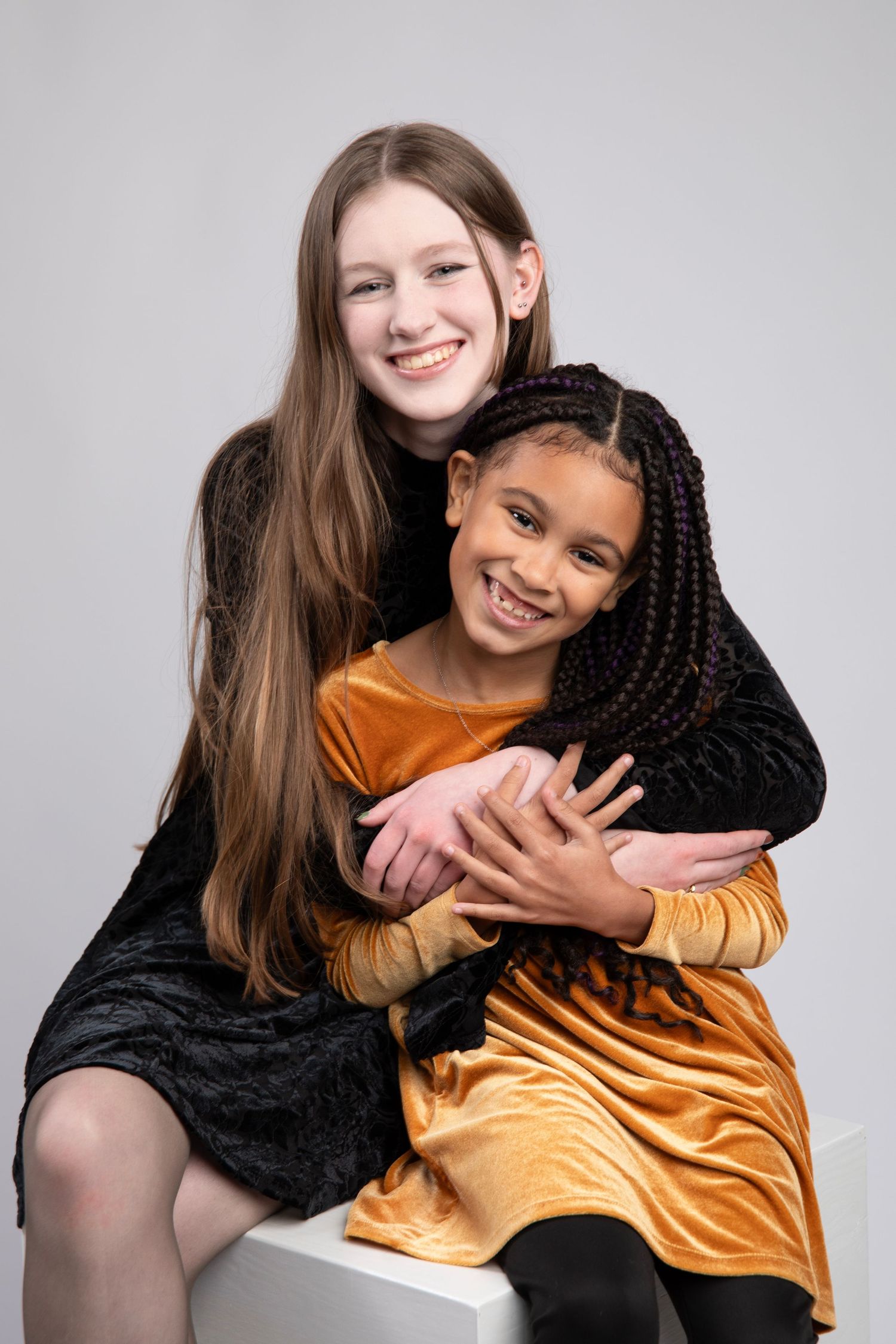 Two friends in contrasting black and gold outfits share a warm embrace while posing together for photos.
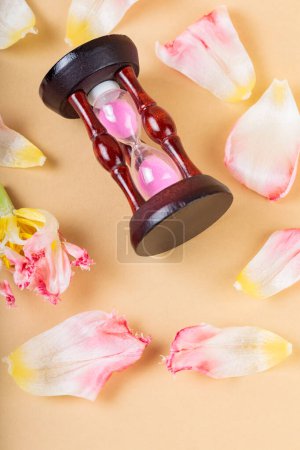 Withering Flower Petals Surrounding Hourglass on Beige Background, Top View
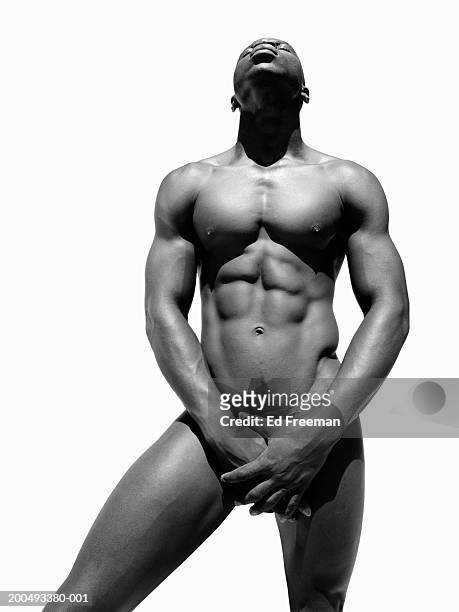 naked young man covering groin (b&w) - male crotch stock pictures, royalty-free photos & images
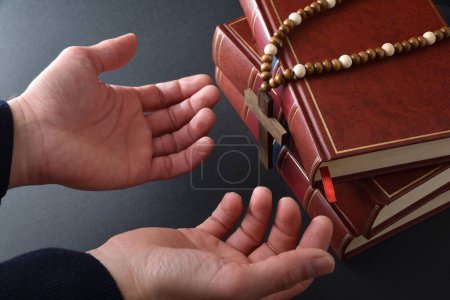 Foto de Cristiano rezando con las manos en alto con la mesa negra en el fondo con la Biblia. Vista elevada. - Imagen libre de derechos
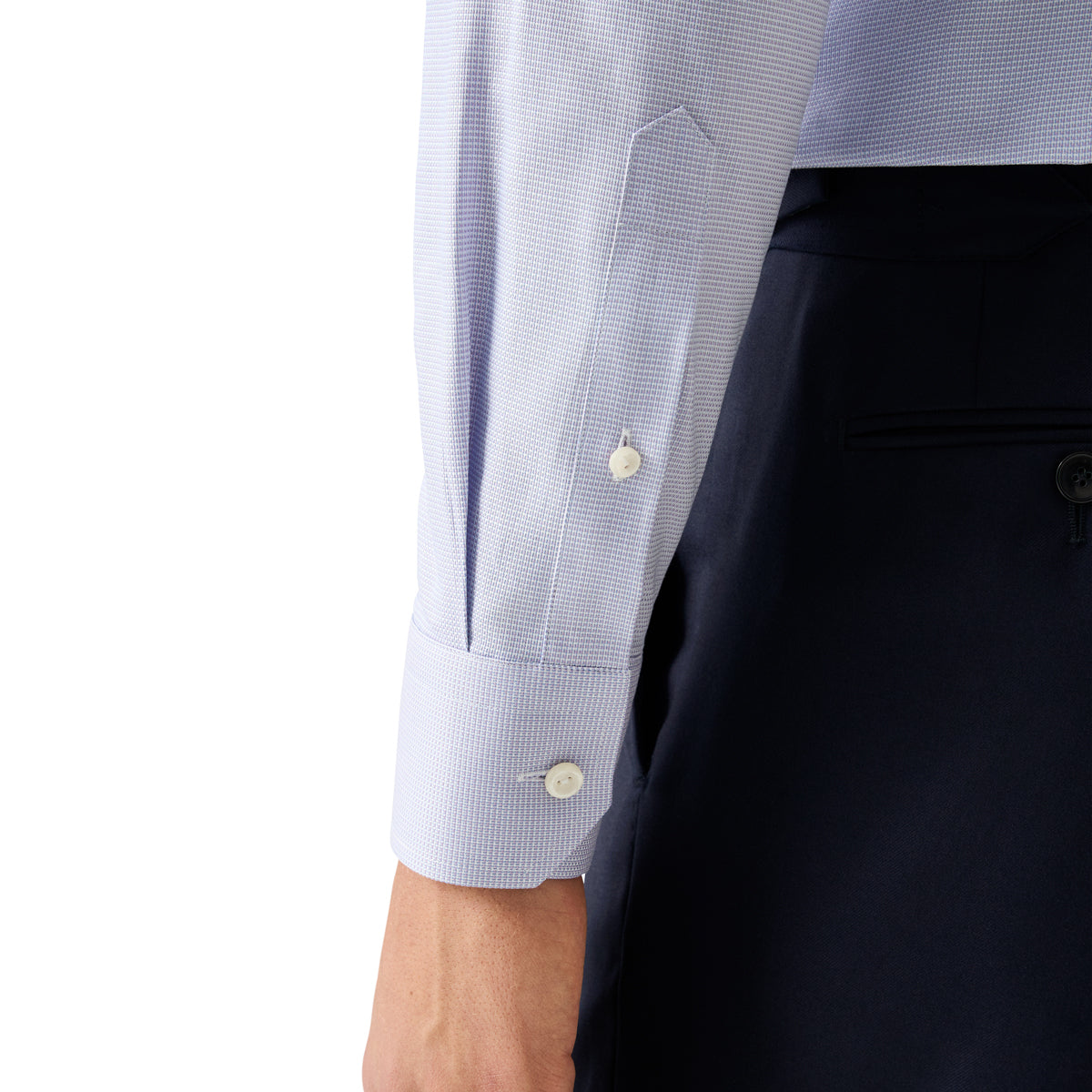 Close-up of a light blue and white micro-check patterned dress shirt cuff with white buttons, worn with dark navy trousers. Eton Shirt. Sakks Menswear Southampton.
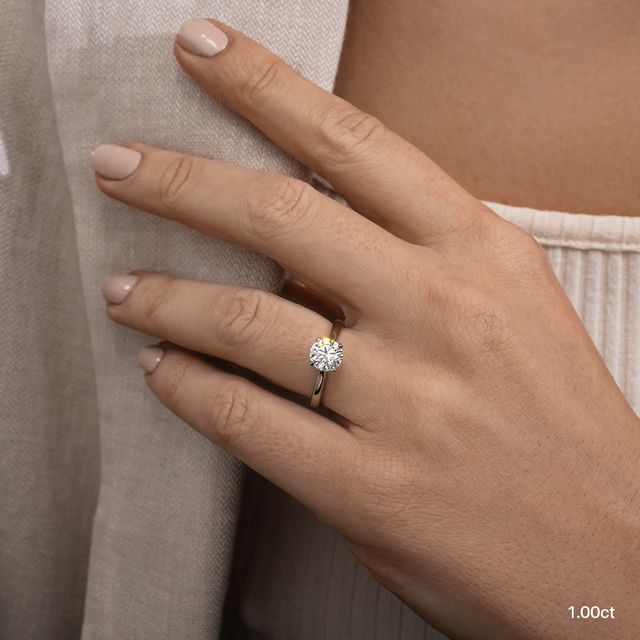 Firework Platinum Solitaire Engagement Ring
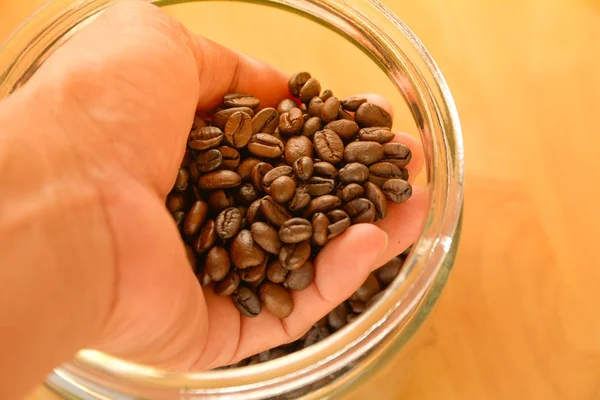 Kaffebönor i händer och släppa i burken på träbord. — Stockfoto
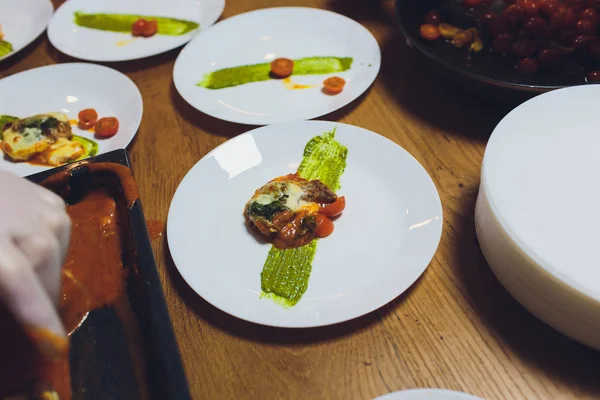 Un chef masculino decora un plato de ensalada en una cocina de restaurante en un delantal negro. primer plano de una mano con pinzas . — Foto de Stock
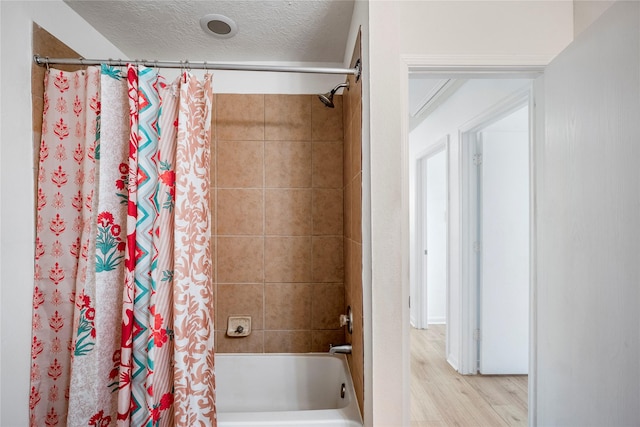 bathroom featuring hardwood / wood-style floors, shower / tub combo, and a textured ceiling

* _ABOUT THIS EXERCISE_
Pictures stay out of the copy; please restate every record above exactly.

* _EXERCISE RESULT_
 Two friends in contrasting black and gold outfits share a warm embrace while posing together for photos.
 Withering Flower Petals Surrounding Hourglass on Beige Background, Top View
 naked young man covering groin (b&w) - male crotch stock pictures, royalty-free photos & images
 Foto de Cristiano rezando con las manos en alto con la mesa negra en el fondo con la Biblia. Vista elevada. - Imagen libre de derechos
 Close-up of a light blue and white micro-check patterned dress shirt cuff with white buttons, worn with dark navy trousers. Eton Shirt. Sakks Menswear Southampton.
 Firework Platinum Solitaire Engagement Ring
 Kaffebönor i händer och släppa i burken på träbord. — Stockfoto
 Un chef masculino decora un plato de ensalada en una cocina de restaurante en un delantal negro. primer plano de una mano con pinzas . — Foto de Stock
 bathroom featuring hardwood / wood-style floors, shower / tub combo, and a textured ceiling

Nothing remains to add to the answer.